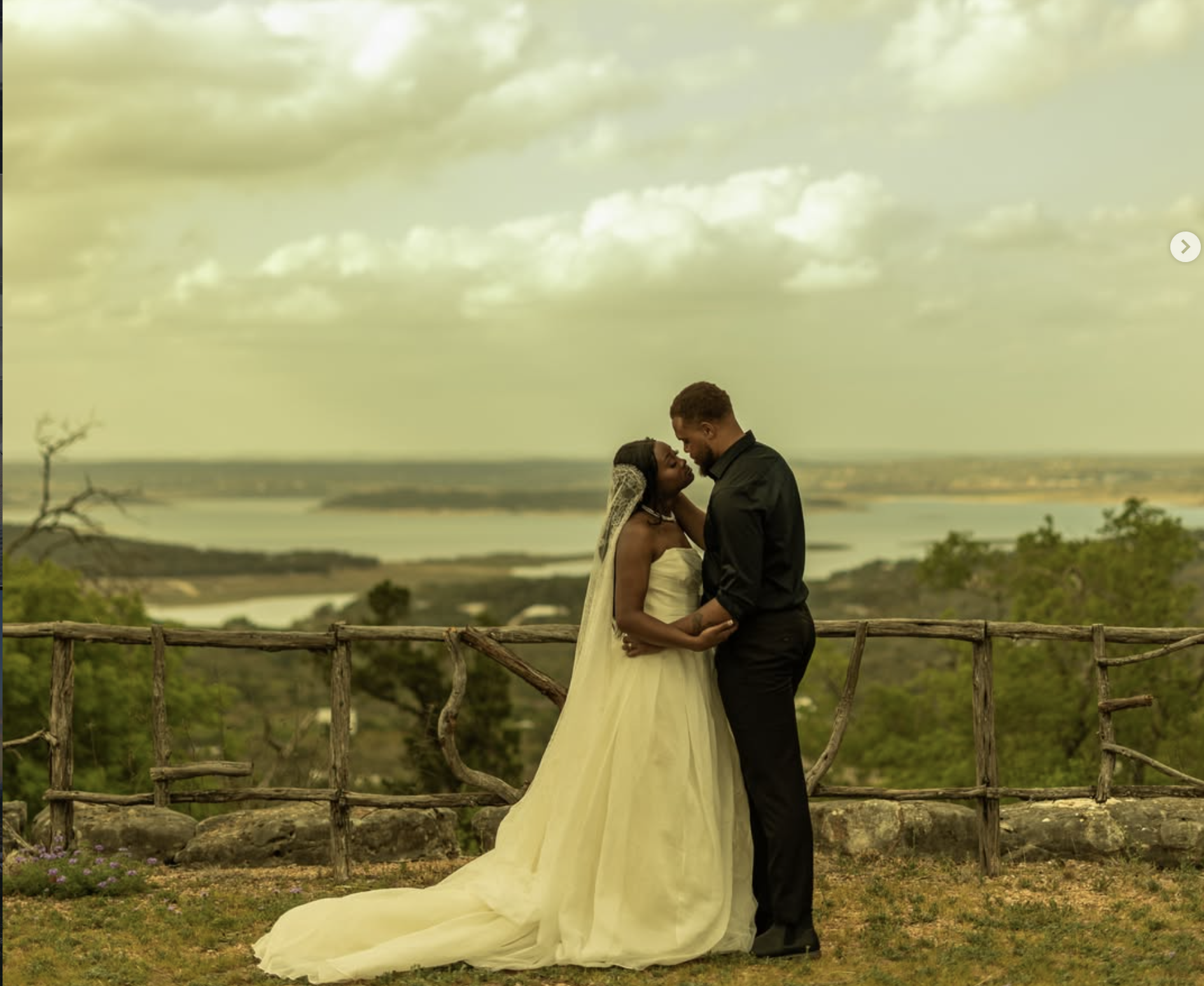 Bride and groom embracing at the rustic cedar LOVE overlook above Canyon Lake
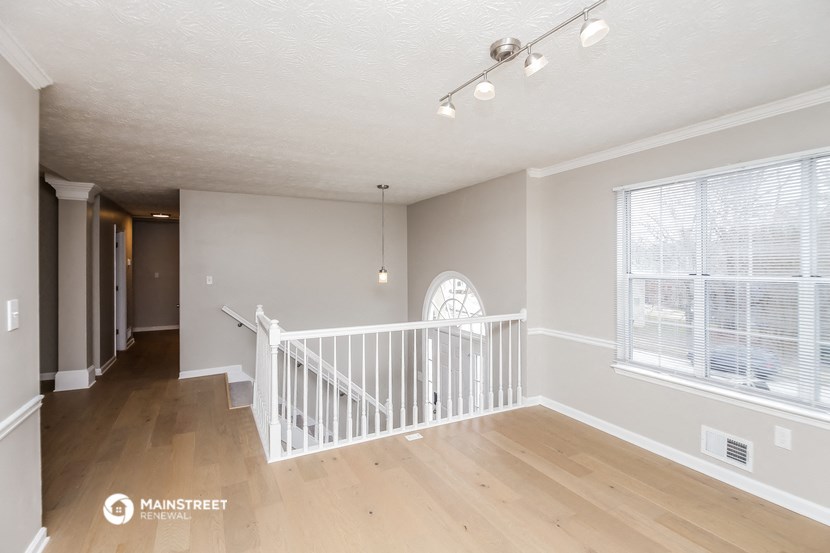 the living room and dining room of a home with a staircase and a large window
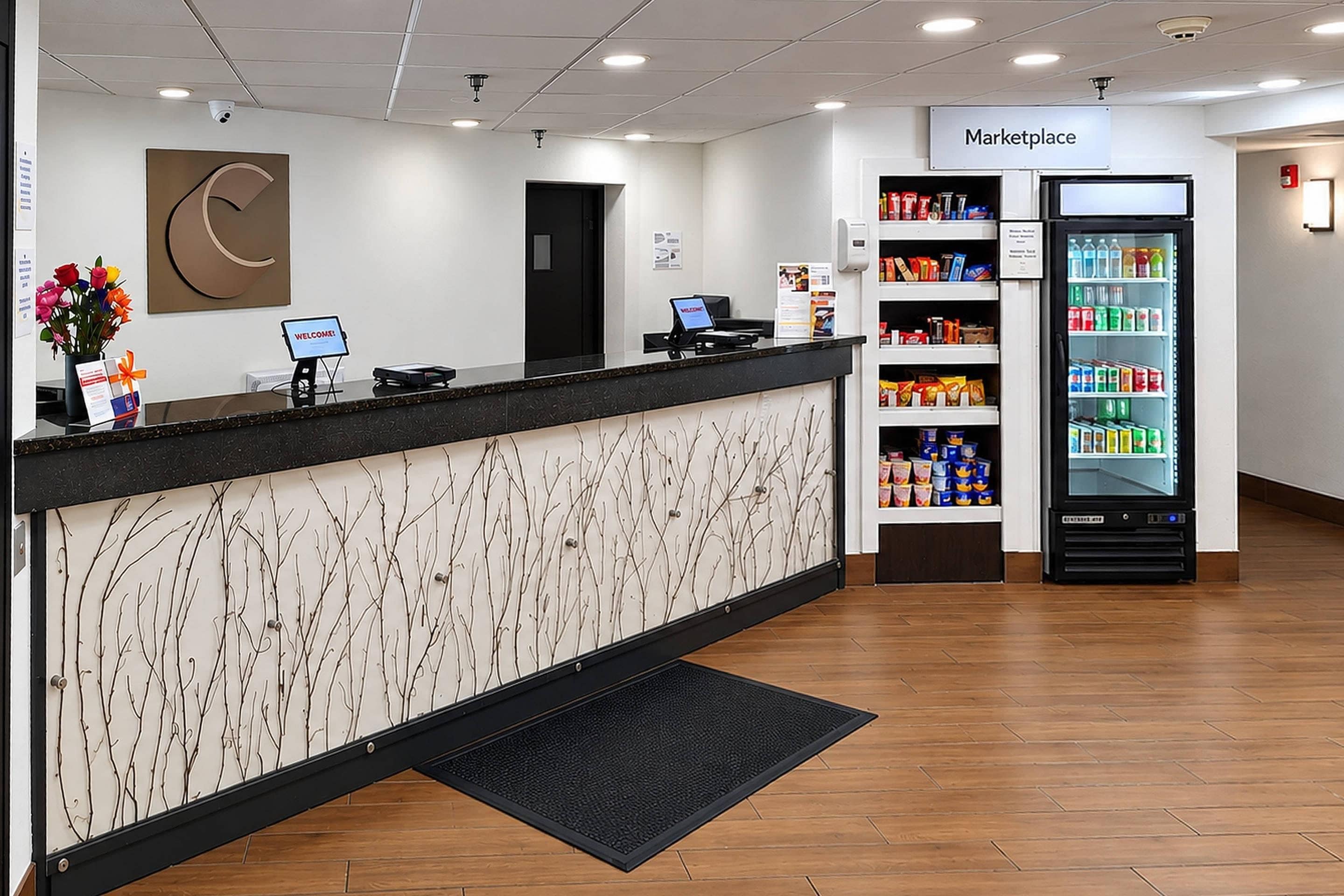 A reception area with a counter, a computer, a sign reading 'Welcome!', and a refrigerator stocked with beverages.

→ **The task**
From the line containing "the living room" to the final line above, both included, transcribe every line exactly and leave all pictures out.

→ **Problem solution**
 the living room and dining room of a home with a staircase and a large window
 A reception area with a counter, a computer, a sign reading 'Welcome!', and a refrigerator stocked with beverages.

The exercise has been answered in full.